I first wrote about Japanese illustrator Tadahiro Uesugi back in 2005, and again in 2010. While his awkwardly arranged website has unfortunately not been revised, his work is a fresh and wonderful as ever.
Influenced by an affection for 1950s and 1960s “modern” styles of American advertising art, Uesugi brings together a strong sense of design, perspective and geometry with a brilliant use of light and color to create deceptively simple but remarkably effective images.
Many of his illustrations are set in U.S. and European cities (as presumably are some of his clients), notably San Francisco and Paris.
He uses open areas and negative space with almost equal presence to his represented objects. Often, much more is suggested than presented. He adds deft touches of texture exactly where most appropriate.

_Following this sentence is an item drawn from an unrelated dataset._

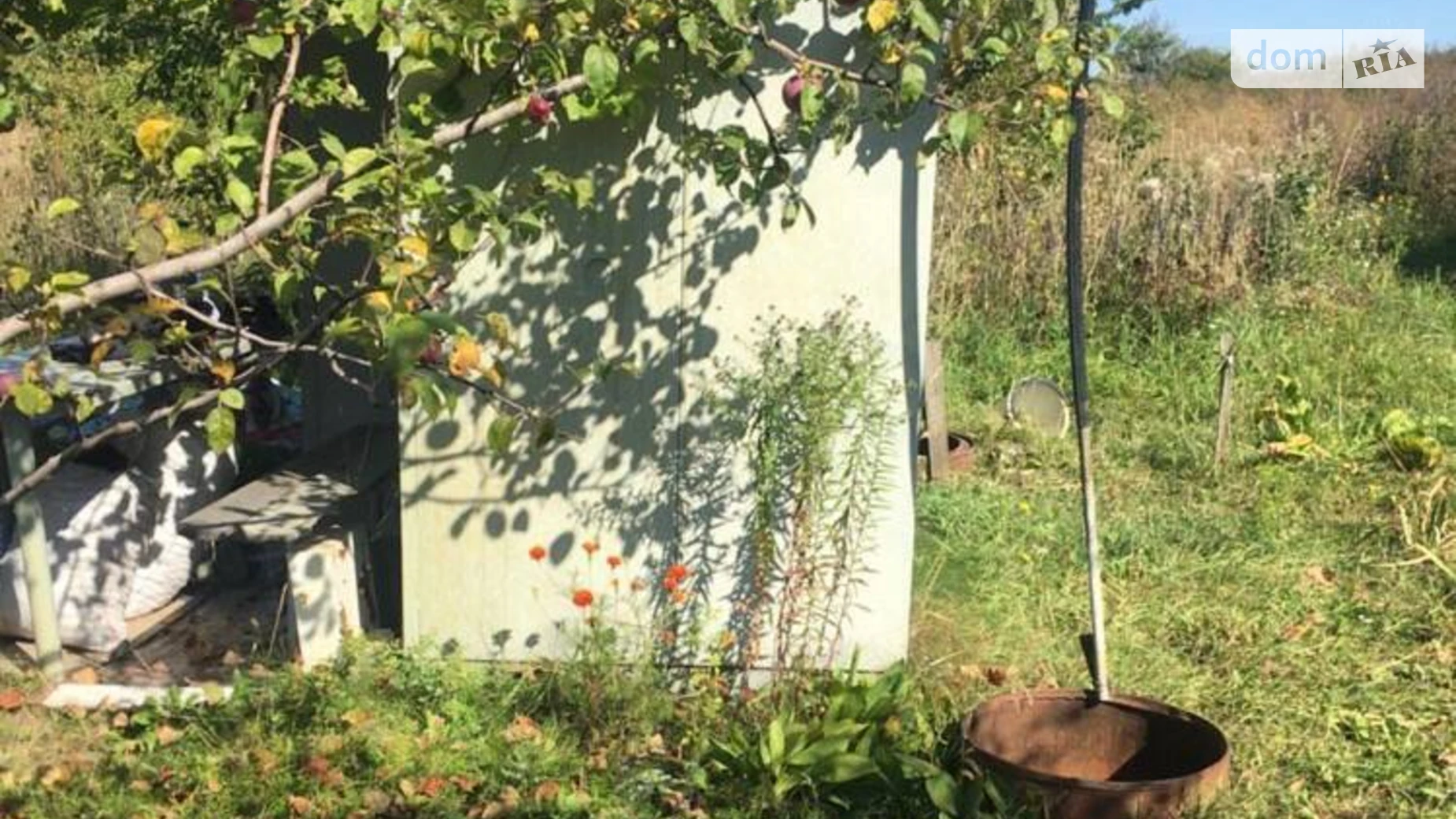 Продається земельна ділянка 8 соток у Хмельницькій області, цена: 1800 $ - фото 3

Given the amazingly strong geometric foundation of his compositions, you might be tempted to think that his images are filled with straight lines, but they’re not. His lines are curved, slanted, skewed, broken and rough edged — anything but straight.
His subtle use of value is not what you might expect from work that seems so abstracted into basic forms, but in many ways, value relationships are at the heart of his compositions.
Light shimmers, slides, peeks and bounces through his images — slipping through cracks, hiding in doorways and bounding down alleys. Light is as much a character in Uesugi’s images as his frequent subjects of fashionable young women walking through urban environments.
His website is not as easy to browse as one might like. The home page is a jumble of mentions of projects and links to places other than his portfolio, all in Japanese. Just go directly to the bottom of the page, and on the little navigation bar at the very bottom, click “Illustration”. I can’t even give you a direct link because the damn thing is in frames.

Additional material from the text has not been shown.